I personally think some of the slogans like "You missed me", are a bit tasteless. However, I love the double meaning of "London Stands" - wonder if this was intentional as the guy who set up the site lives in Italy and may not be used to the amount of standing we normally do on the tube? It will be interesting to see how long it is before people are wearing them. (At the moment there's a lot of excited bloggings about how brill they are.) But it will only take someone famous to be photographed wearing one and then they'll take off like wildfire.

Back in Time - Our reaction to Madrid

I went a bit retrospective and looked at my entries after the Madrid terrorist attacks on their railway. Some of them are eerily similar to now:

"Travelling in today and reading Metro and staring at the front page of everybody else's paper it was like that horrible car crash mentality we have of not being able to take our eyes away from something so hideous."
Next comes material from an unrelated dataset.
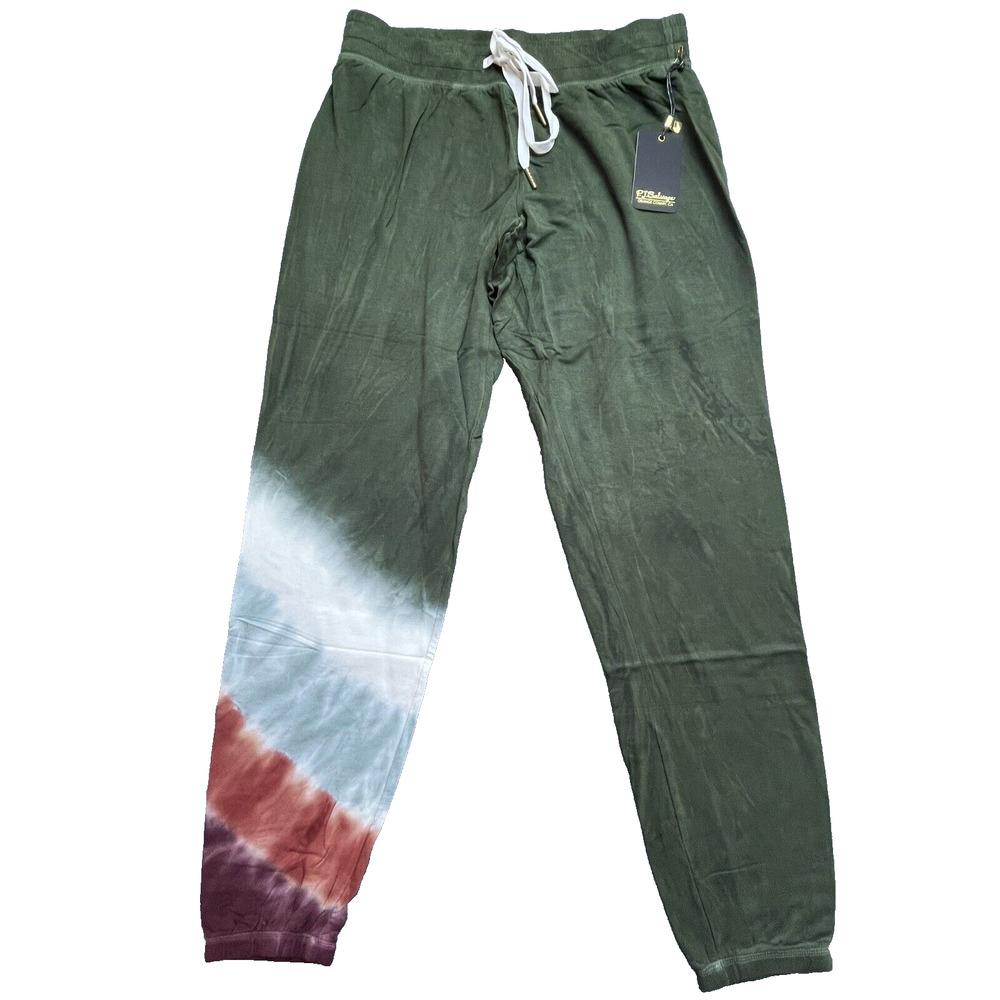 PJ Salvage Pants Womens Small Green Red Tie Dye Lounge Cozy Drawstring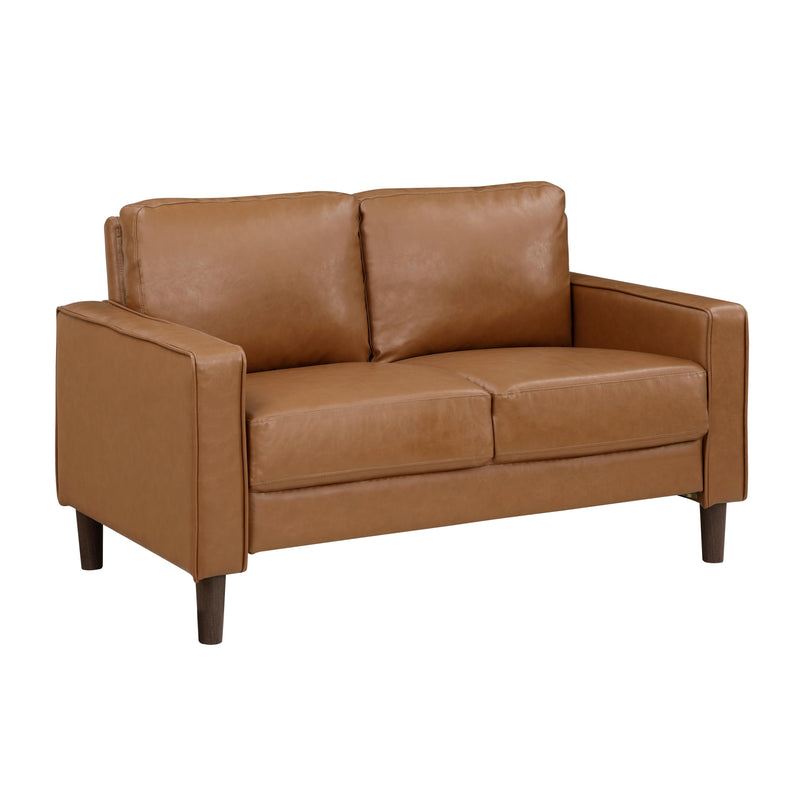 Homelegance Malcolm Stationary Leather Look Loveseat 9203BRW-2 IMAGE 2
Some of them had that post event weird hindsight: "Obviously Metro couldn't be Metro without a piece saying that "Transport in London 'is safe'", and rightly talks about our fears of similar attacks taking place in London. In fact we're just about to have a "water cooler" discussion about it at work. Commuting will go on regardless - it has to."

In the days that follow (18th March), my and other commuters' blase reaction to a security alert:

"My first security alert since Madrid

Charing Cross Station was closed earlier

Nothing dramatic and everyone treated it like a normal closure. Meant I got on a Bakerloo train at Waterloo, we hung around on the train for a few minutes, then heard that Charing Cross was closed and the Bakerloo Line had been suspended. Hardened commuters and me leapt off the train and went to the Northern Line with not even a second thought and then I got off at Leicester Square (whose roof at escalator level seems to be held together by a load of chicken wire and gaffer tape)."


Plus The Economist's reaction to the grammatical errors on the security posters "Posters plastered over the London Underground after the Madrid bombings seemed oddly keen to encourage natural British reticence rather than vigilance. They may, of course, have been planted by punctuation zealots to illustrate to the grammatically lazy the importance of using commas and semi-colons correctly." and a spoof of the poster in question, showing our more likely reaction:

Spoof security poster from mantlepies.com


A letter from Metro at the time shows that despite the jokes we were still aware that the London Underground was a prime target:

"The letters page of Metro had a cracking letter about someone's worry if a tube train were bombed and how half the carriage would get out if the driver what at the bombed end (cheerful lot aren't we?)

"......why has no one told us what we should do in an emergency if we find ourselves stuck on a train at the un-bombed out end of the train? Presumably, the only member of staff available to direct us would be the driver. But what happens if they are positioned in the bombed-out end of the train? Should we sit tight and wait to be rescued - and risk choking on fumes or beign crushed in a tunnel collapse? Or should we get the hell out and take our chances on the live rails? And if so, how does one get out of a train that's wedged in a tunnel.

Given that the emergency services have said that rescuing live survivors from this sort of disaster would be almost impossible, it seems pretty poor that there's no information available on board the trains to help us make life-or-death decisions at that 'invevitable' moment"

Well I think Rebecca from SE23 has a point. Will we see emergency "airline style" plastic cards with drawings of people legging it from crashed tube trains? Will there be posters?

How times have changed. I wonder what will happen on that front now?